* [Listed records]:
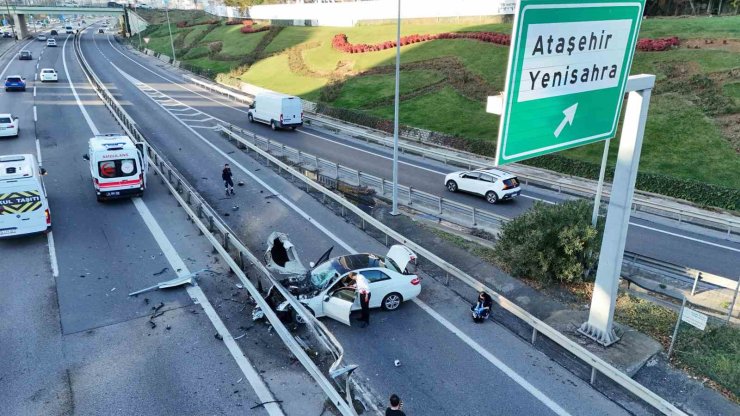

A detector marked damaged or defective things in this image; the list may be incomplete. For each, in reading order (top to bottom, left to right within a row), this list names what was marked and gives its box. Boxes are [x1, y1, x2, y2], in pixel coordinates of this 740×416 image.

damaged white sedan [258, 231, 422, 324]
crumpled car body [258, 231, 422, 324]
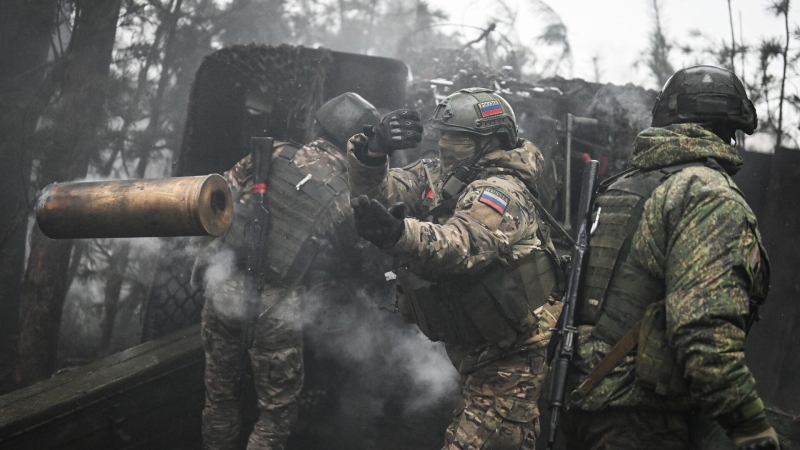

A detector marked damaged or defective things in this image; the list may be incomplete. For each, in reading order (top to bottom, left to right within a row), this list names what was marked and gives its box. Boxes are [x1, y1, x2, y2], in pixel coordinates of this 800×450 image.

rusty metal tube [36, 175, 233, 239]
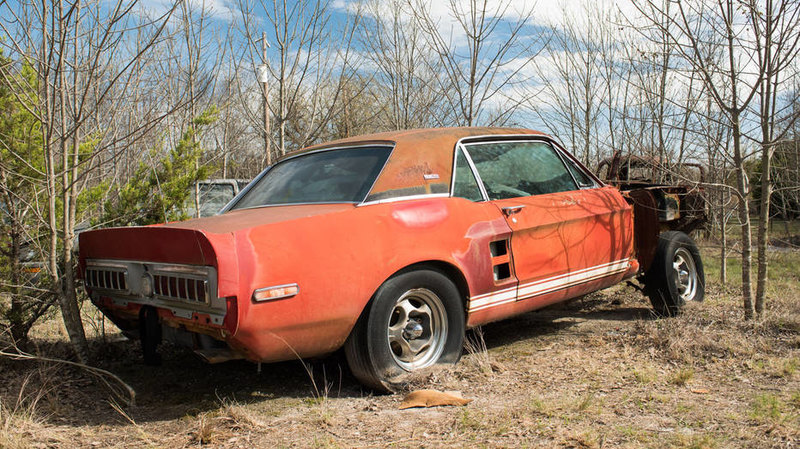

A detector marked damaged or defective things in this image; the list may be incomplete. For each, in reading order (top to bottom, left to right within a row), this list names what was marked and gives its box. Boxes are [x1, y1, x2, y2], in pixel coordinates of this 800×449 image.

rusted car body [79, 127, 708, 388]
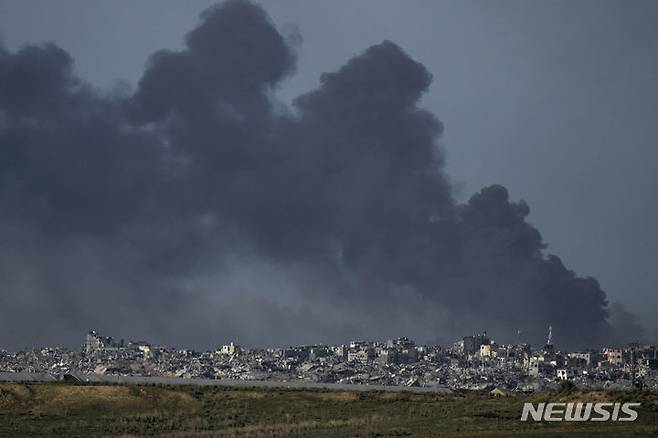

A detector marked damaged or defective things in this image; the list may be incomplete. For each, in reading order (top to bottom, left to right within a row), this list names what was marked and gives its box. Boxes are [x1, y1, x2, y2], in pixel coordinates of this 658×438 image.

damaged infrastructure [2, 328, 652, 394]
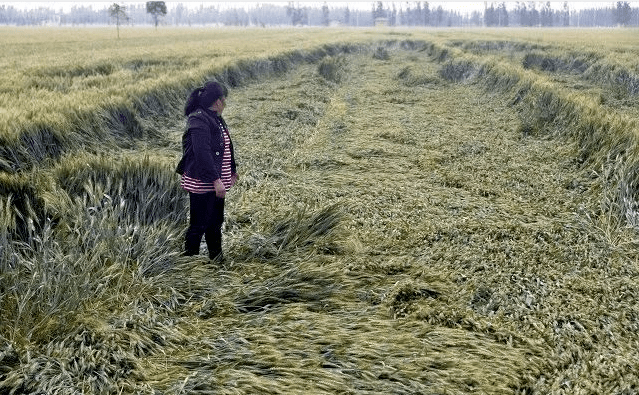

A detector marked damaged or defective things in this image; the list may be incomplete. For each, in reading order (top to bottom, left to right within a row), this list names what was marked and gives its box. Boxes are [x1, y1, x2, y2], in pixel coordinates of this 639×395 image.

wind damage path [162, 48, 636, 395]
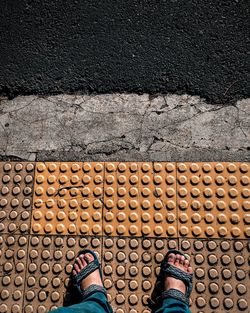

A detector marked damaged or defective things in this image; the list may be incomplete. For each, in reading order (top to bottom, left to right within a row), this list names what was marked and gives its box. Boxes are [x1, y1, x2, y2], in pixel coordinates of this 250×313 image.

cracked concrete [0, 92, 249, 161]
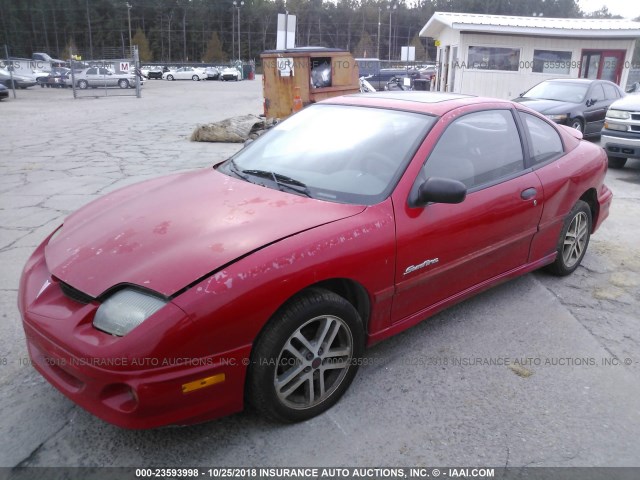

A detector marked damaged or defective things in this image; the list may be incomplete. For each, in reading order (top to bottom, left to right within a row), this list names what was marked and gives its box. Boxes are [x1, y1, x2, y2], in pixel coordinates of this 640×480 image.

dented hood [45, 168, 364, 296]
red hood with rust [45, 168, 364, 296]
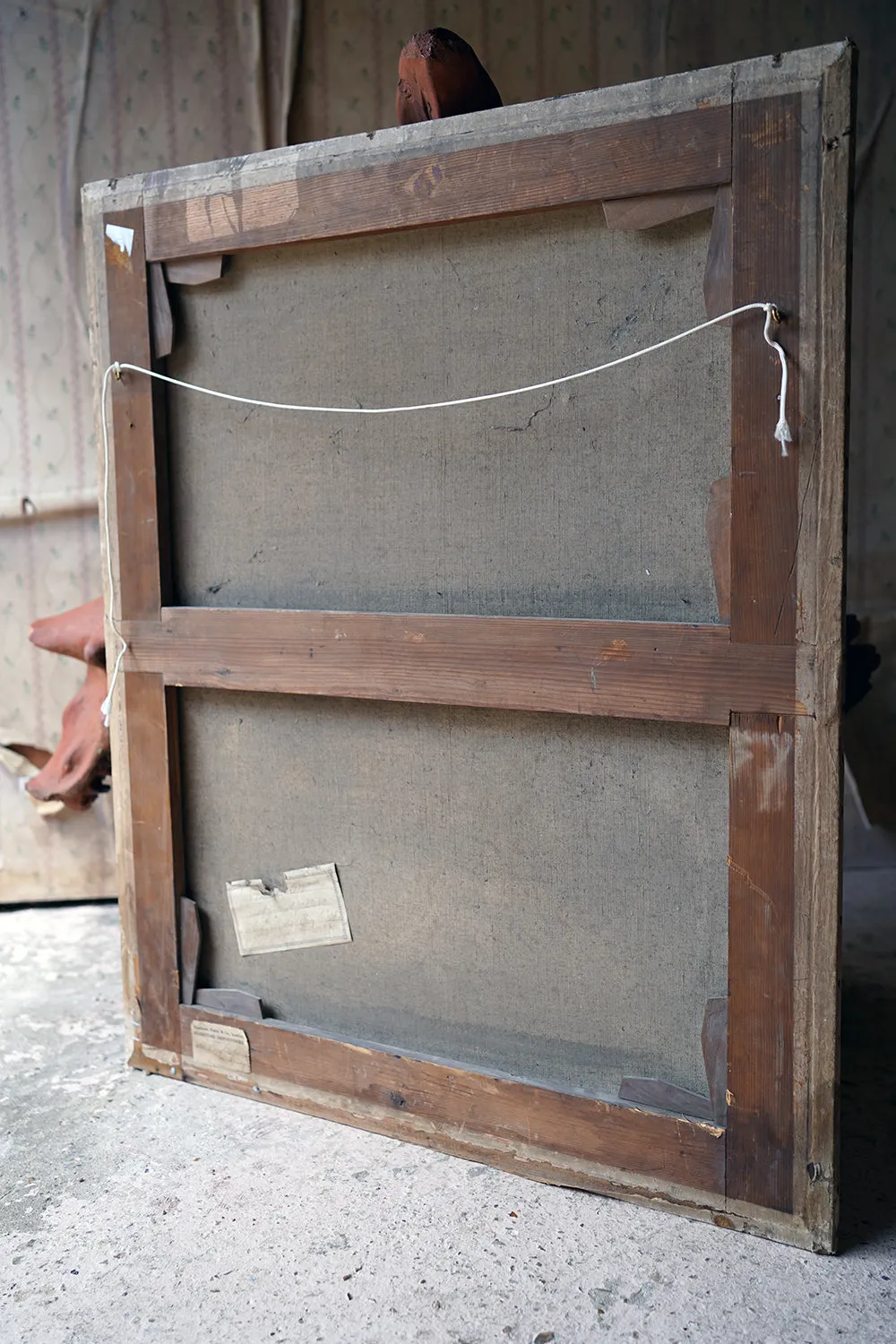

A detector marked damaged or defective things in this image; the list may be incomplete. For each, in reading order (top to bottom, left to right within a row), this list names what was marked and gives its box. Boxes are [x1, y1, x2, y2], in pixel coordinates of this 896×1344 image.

torn paper label [226, 864, 351, 961]
torn paper label [191, 1025, 251, 1082]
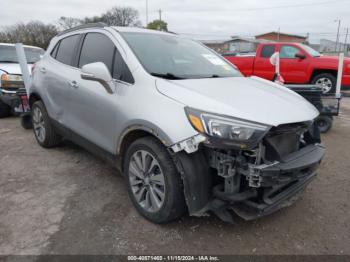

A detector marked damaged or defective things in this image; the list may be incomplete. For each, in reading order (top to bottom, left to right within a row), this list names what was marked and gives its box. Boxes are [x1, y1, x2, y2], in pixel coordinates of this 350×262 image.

broken headlight [186, 106, 270, 147]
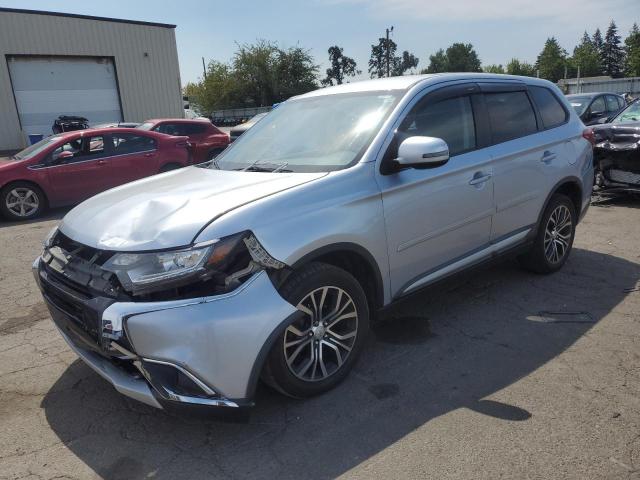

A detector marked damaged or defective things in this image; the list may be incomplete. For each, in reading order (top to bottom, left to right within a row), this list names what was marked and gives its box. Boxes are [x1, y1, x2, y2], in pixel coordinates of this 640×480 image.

dark damaged vehicle [592, 99, 640, 193]
front collision damage [592, 121, 640, 194]
hood damage [592, 121, 640, 194]
broken headlight [104, 232, 284, 296]
crumpled bumper [33, 258, 296, 408]
front collision damage [33, 229, 298, 408]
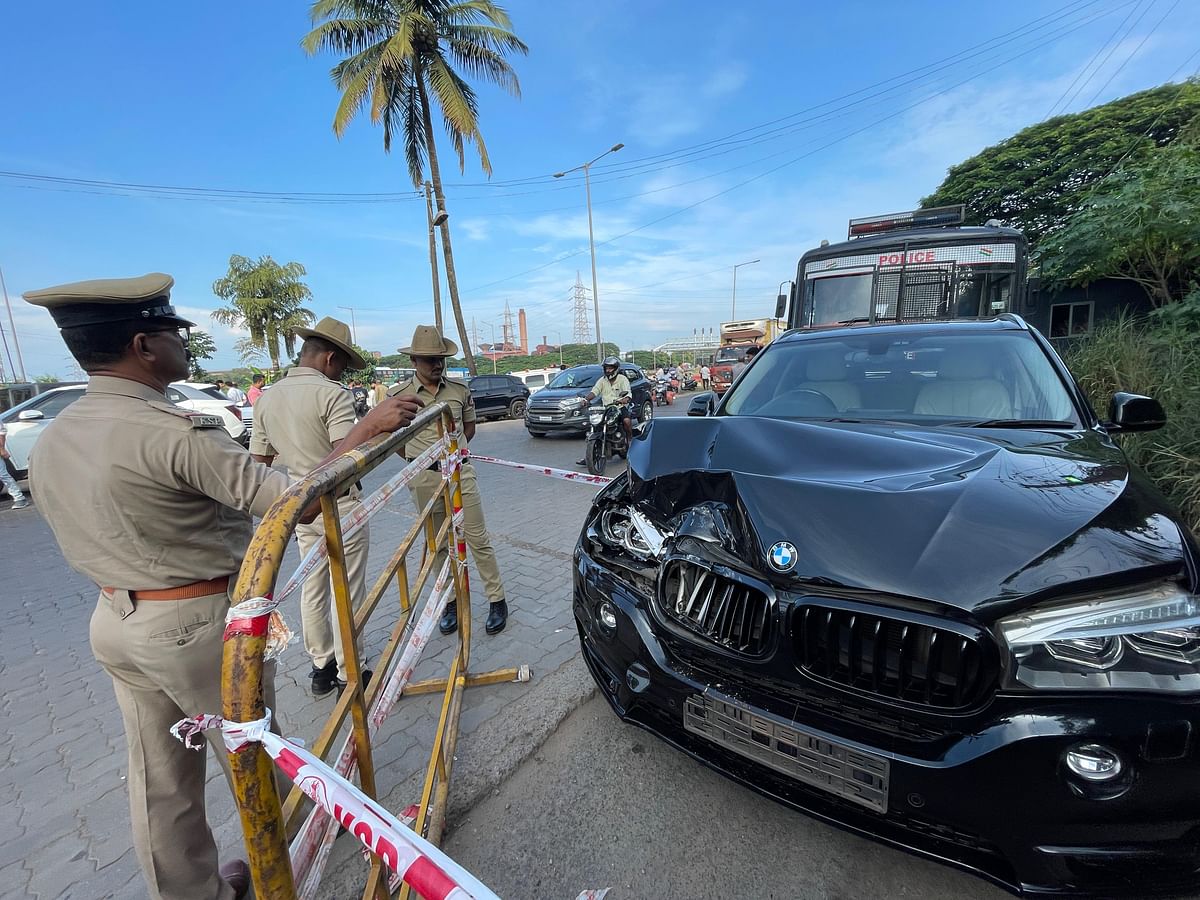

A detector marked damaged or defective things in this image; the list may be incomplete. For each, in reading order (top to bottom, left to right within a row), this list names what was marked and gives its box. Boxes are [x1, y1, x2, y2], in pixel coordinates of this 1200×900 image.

broken headlight [596, 510, 672, 560]
damaged black bmw [576, 316, 1200, 892]
broken headlight [1000, 580, 1200, 692]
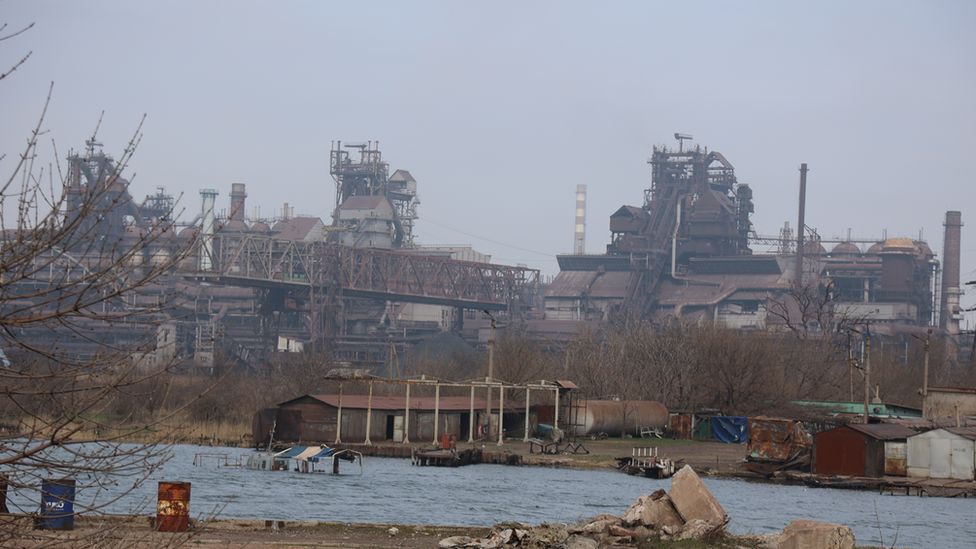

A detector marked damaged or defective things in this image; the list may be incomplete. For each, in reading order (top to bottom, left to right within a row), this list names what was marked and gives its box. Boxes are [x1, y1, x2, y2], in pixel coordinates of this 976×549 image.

wrecked boat [246, 444, 364, 474]
rusty metal shed [812, 422, 920, 478]
rusty container [155, 480, 190, 532]
rusty orange barrel [156, 480, 191, 532]
broken concrete slab [668, 466, 728, 528]
broken concrete slab [772, 520, 856, 548]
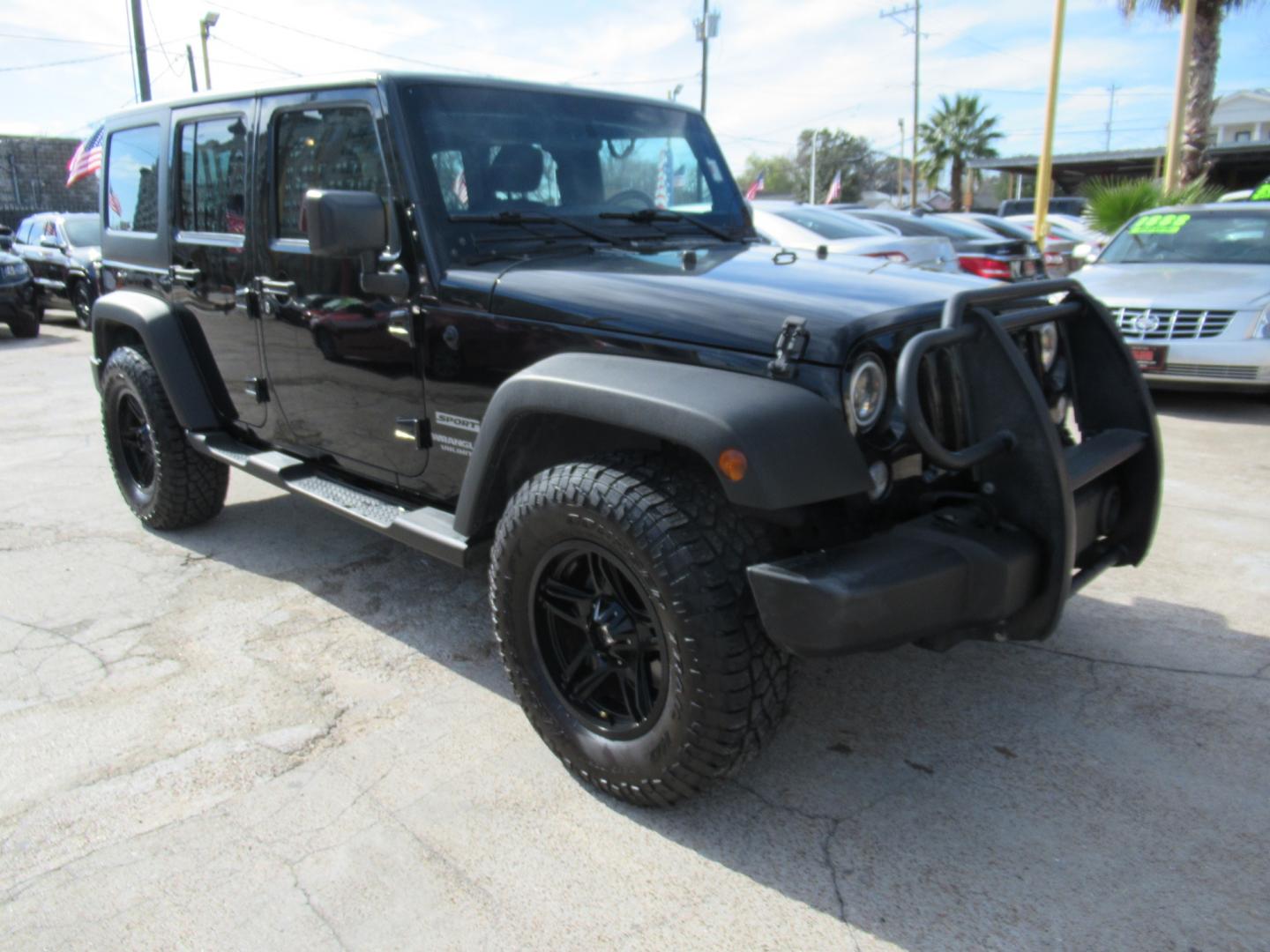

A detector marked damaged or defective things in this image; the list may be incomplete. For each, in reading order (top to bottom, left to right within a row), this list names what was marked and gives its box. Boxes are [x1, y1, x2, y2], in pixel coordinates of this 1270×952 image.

cracked concrete [2, 322, 1270, 952]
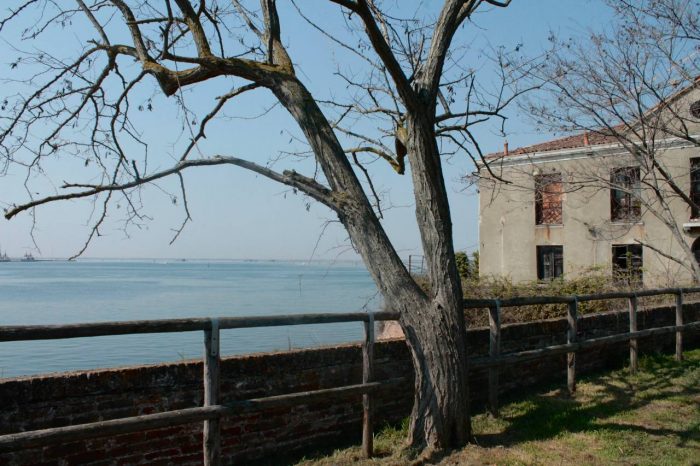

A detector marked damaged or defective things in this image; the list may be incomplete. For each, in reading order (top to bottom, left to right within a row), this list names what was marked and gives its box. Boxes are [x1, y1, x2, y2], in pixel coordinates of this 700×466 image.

* [Task to carry out]: Reproduce, word for word, everything in the listing above except the pictures.

* [Result]:
A detector marked damaged or defective things in this image; the list may be incomplete. For each, in reading order (top to bottom, left to right within a row), this list names what was marked and gives its box. Boxes are [x1, y1, x2, y2], in pixel coordinates of this 740×416 image.

damaged white sedan [258, 231, 422, 324]
crumpled car body [258, 231, 422, 324]

A detector marked damaged or defective things in this image; the list may be incomplete. For each, in reading order (top to bottom, left to right within a row), this list names what was marked and gives its box. Boxes are [x1, y1, x2, y2], in pixel coordinates of this 800×450 image.

rusty metal tube [36, 175, 233, 239]

A detector marked damaged or defective things in this image; the list may be incomplete. For each, in reading order (top to bottom, left to right within a row), this list names what was marked and gives its box. Boxes are [x1, y1, x2, y2], in pixel coordinates of this 800×449 image.

rusted car body [79, 127, 708, 388]

A detector marked damaged or defective things in this image; the list may be incomplete. For each, in reading order (top to bottom, left to right within a row), this list names what was marked and gives its box. Boxes are [x1, y1, x2, y2], in pixel coordinates of this 658×438 image.

damaged infrastructure [2, 328, 652, 394]

A detector marked damaged or defective things in this image; the list may be incomplete. For each, in reading order (top to bottom, left to right within a row), this list names what was marked and gives its box. Boxes are [x1, y1, x2, y2], in pixel coordinates of this 639×395 image.

wind damage path [162, 48, 636, 395]

A detector marked damaged or defective things in this image; the list may be incomplete. For each, in reading order (top to bottom, left to right within a row), this list names what was marked and gives its box. Boxes are [x1, y1, x2, y2], in pixel coordinates of this 250×313 image.

cracked concrete [0, 92, 249, 161]

A detector marked damaged or defective things in this image; the list may be incomplete. For each, in reading order (top to bottom, left to right within a row), this list names what was marked and gives its box. Boxes are [x1, y1, x2, y2], in pixel coordinates of this 640×480 image.

dented hood [45, 168, 364, 296]
red hood with rust [45, 168, 364, 296]

A detector marked damaged or defective things in this image; the list may be incomplete. For each, in reading order (top to bottom, left to right within a row), this list names what was marked and gives its box. Boxes are [x1, y1, x2, y2], in pixel coordinates of this 896×1344 image.

torn paper label [226, 864, 351, 961]
torn paper label [191, 1025, 251, 1082]

A detector marked damaged or defective things in this image; the list may be incomplete. For each, in reading order (top to bottom, left to right within a row), this list names what was marked and gives its box. Boxes are [x1, y1, x2, y2], in pixel coordinates of this 350×262 image.

broken headlight [186, 106, 270, 147]

A detector marked damaged or defective things in this image; the list may be incomplete. For each, in reading order (top to bottom, left to right within a row), this list names what was marked and gives its box. Boxes are [x1, y1, x2, y2], in pixel coordinates of this 640×480 image.

dark damaged vehicle [592, 99, 640, 193]
front collision damage [592, 121, 640, 194]
hood damage [592, 121, 640, 194]
broken headlight [104, 232, 284, 296]
crumpled bumper [33, 258, 296, 408]
front collision damage [33, 229, 298, 408]

A detector marked damaged or defective things in this image; the list may be incomplete. For each, in reading order (top to bottom, left to right within a row), this list names what was marked and gives its box. Boxes are [x1, y1, x2, y2], in pixel coordinates of this 1200×900 image.

broken headlight [596, 510, 672, 560]
damaged black bmw [576, 316, 1200, 892]
broken headlight [1000, 580, 1200, 692]

A detector marked damaged or defective things in this image; the list may be incomplete. For each, in reading order (top to bottom, left to right within a row), this list names what was marked and gives its box. Boxes are [x1, y1, x2, y2], in pixel coordinates of this 976×549 image.

wrecked boat [246, 444, 364, 474]
rusty metal shed [812, 422, 920, 478]
rusty container [155, 480, 190, 532]
rusty orange barrel [156, 480, 191, 532]
broken concrete slab [668, 466, 728, 528]
broken concrete slab [772, 520, 856, 548]

A detector marked damaged or defective things in this image; the list may be incomplete. For each, in reading order (top to bottom, left to right within a row), this list names what was marked and gives its box. Boxes are [x1, y1, x2, y2], in pixel coordinates of this 1270×952 image.

cracked concrete [2, 322, 1270, 952]

A detector marked damaged or defective things in this image; the list may be incomplete. For each, in reading order (top to bottom, left to right within a row), this list names what was marked and gives its box. Boxes are [x1, y1, x2, y2], in pixel coordinates of this 700×466 image.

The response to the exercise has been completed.